Selfish or not, SUV owners say they feel much safer riding in a big vehicle. But federal safety officials warn that high-riding SUV drivers are three times more likely to die in a rollover crash than motorists in cars. Last week Consumer Reports told car buyers to avoid the Mitsubishi Montero Limited SUV, which the magazine says tipped dangerously in its driving tests. (Mitsubishi disputes the tests' accuracy.) Still, seat-belt-wearing SUV drivers have a much better overall chance of surviving crashes because they are surrounded by so much heavy metal. Jan Greer was sure glad she was driving a big Ford Excursion when she was broadsided last winter by a small Subaru sedan. The Subaru was totaled, but Greer's SUV suffered only a dented door. Best of all, her 3-year-old child sleeping in the back didn't even wake up. "I bought this thing because it was a big iron tanker that wouldn't bend," says Greer.
It's harder to rationalize SUVs' impact on the environment. "This is an inexcusable way to continue to live," confesses Ann Arbor, Mich., businessman Clinch Steward, who last year bought an Army-green Ford Excursion that gets 10mpg because the minivan he was driving was just "too average." (He's considering "downsizing" to a slightly smaller Chevy Suburban next year.) The popularity of big SUVs helps explain why the average gas mileage of new vehicles on American roads has fallen to a 20-year low of 20.4mpg. (By comparison, Europeans average 30mpg in their cars.) Even Ford's chairman admitted last year that SUVs contribute to global warming, and he pledged to improve the fuel economy of his SUVs by 25 percent. In 2003 Ford will offer an Escape SUV powered by a gas-and-electric engine that gets 40mpg. "That will go a long way toward addressing those social concerns," Ford told NEWSWEEK. Electric vehicles are not big sellers, but the PR value alone might be enough to justify building a green SUV.
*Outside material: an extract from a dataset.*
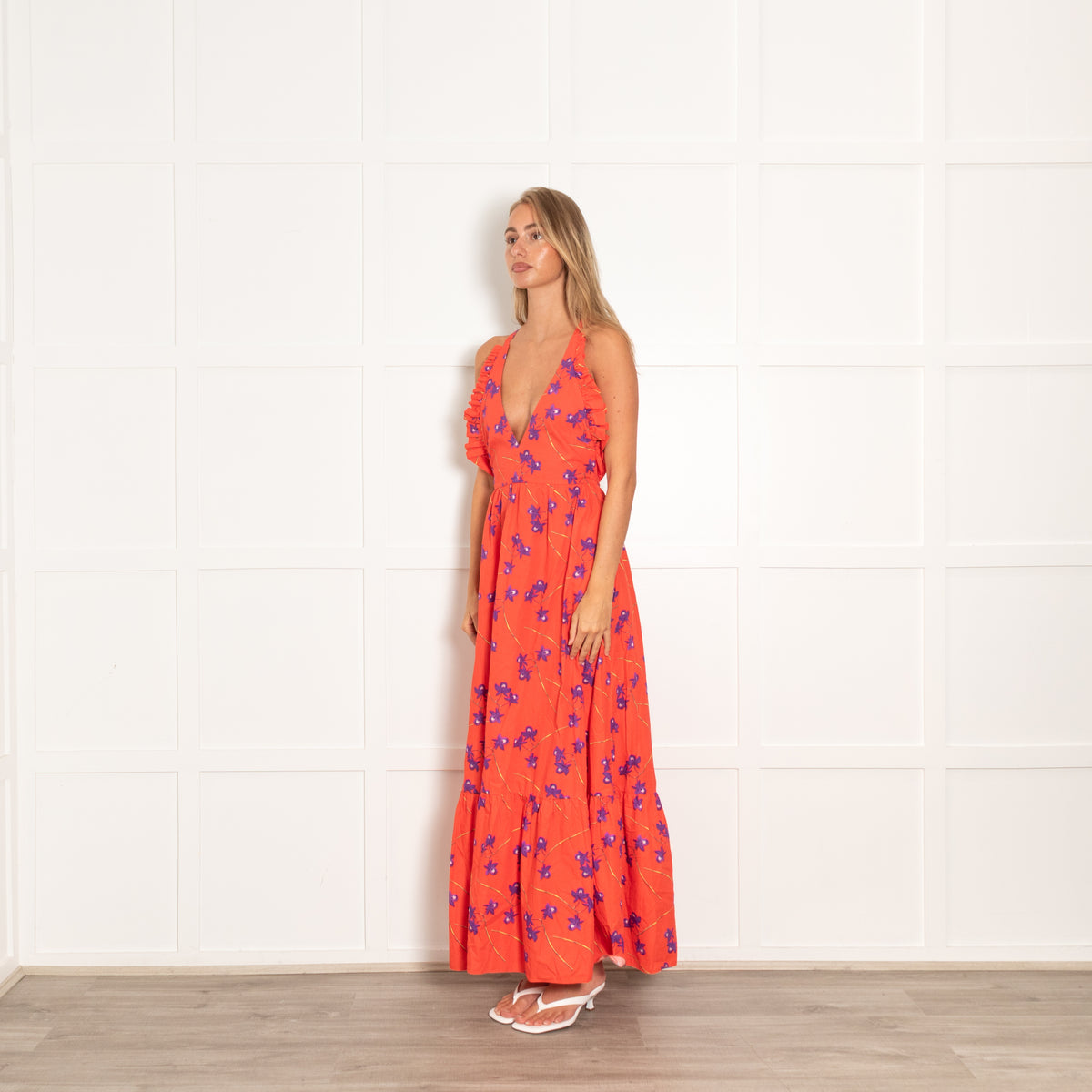Borgo De Nor Red Halter Neck Dress With Purple Flowers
Green models will be just one of the choices shoppers will find as the SUV market continues to grow. And like it or not, it will. Those rising gas prices are an annoyance--not a roadblock--to the affluent suburbanites who drive SUVs. And despite talk that Washington should slow down SUV-mania, that's unlikely to happen. The oil-friendly White House seems disinclined to push for tougher environmental regs. And what congressman wants to pry the keys away from so many happy families? The real battle for the future of the SUV will be fought between Detroit and its foreign rivals. "Next time I'm going to get a posh SUV, like a BMW," gushes Jeep owner Kelly Cook. There are plenty of miles left in the SUV craze. But unfortunately for Detroit, it's going to be a bumpy ride.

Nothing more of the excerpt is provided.